Growing up, French food was never very prominent on my culinary radar. My experience with cuisine was limited to the occasional high-pressure family visit to one of Miami's starchy French restaurants, and as a result I spent much of my life subscribing to the notion of French food as lofty and inaccessible. But on a weeklong visit not too long ago to Lyon, arguably France's gastronomic capital, everything changed.
After just a few indulgent meals at Lyon's renowned bouchons, I realized to my dismay that at the rate I was going, my meager traveler's budget wouldn't stretch to cover quenelles, gratins, and pink praline tarts for the rest of my trip. I needed to adjust my dining plan, or be forced to wash dishes in the restaurants' kitchens to pay for my return ticket to Italy. So I set out to find the city's best, cheapest fare.
Once I opened my eyes to this other side of Lyonnaise cuisine, I found innumerable, simple pleasures. On Sunday morning, I stumbled upon freshly shucked oysters with sparking white wine served from a stand on the bank of the Saone. Lunch on Monday, eaten on some steps in the Place des Terreaux, was a flaky, custardy quiche and a basket of perfectly ripe currants from an outdoor market. But above all other foods were the delicate crepes to be found at stands and cafes around the city, exquisite, tasty proof that French food could be both more unassuming and more sublime than I had ever realized.

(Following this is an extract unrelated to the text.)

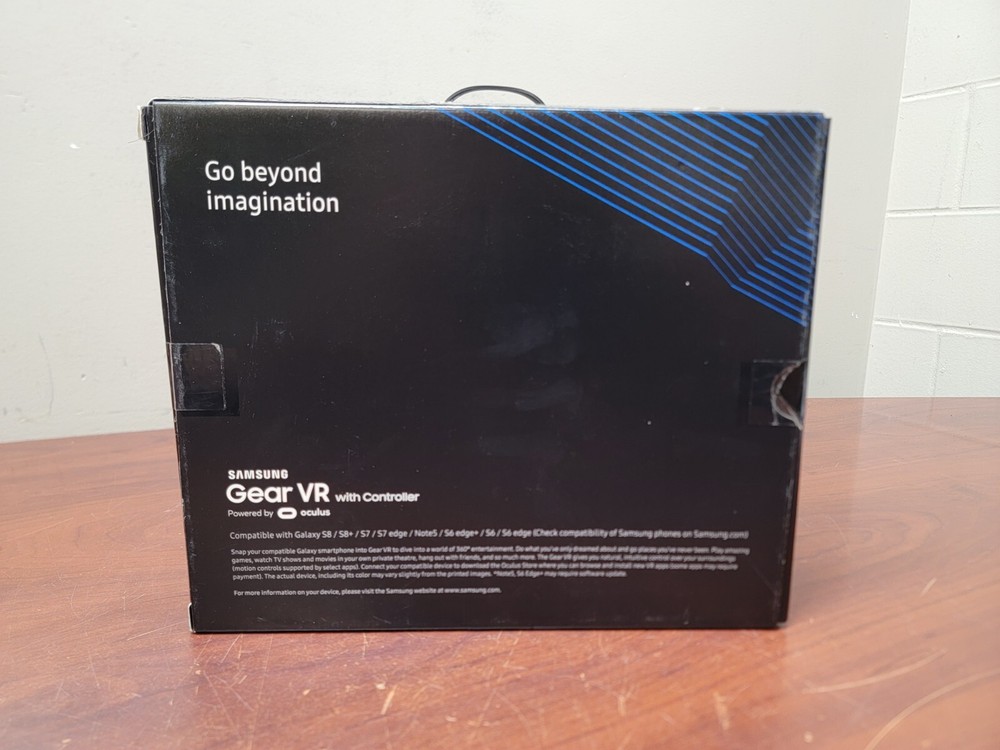 Samsung Gear VR Powered By Oculus Virtual Headset W/Controller SM-R324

I'm convinced that crepes are the perfect ambassadors for French cuisine. They're relatively simple to prepare, can be filled with an infinity of ingredients, sweet or savory, simple or complex — you can even layer them on top of one another to form a cake, or tear them up to garnish in soup. My favorite variation of all is a simple version, perfect for summer: a sweet, golden crepe folded in four, topped with homemade sour cherry compote, and a sprinkle of castor sugar. Bon appetit a tous!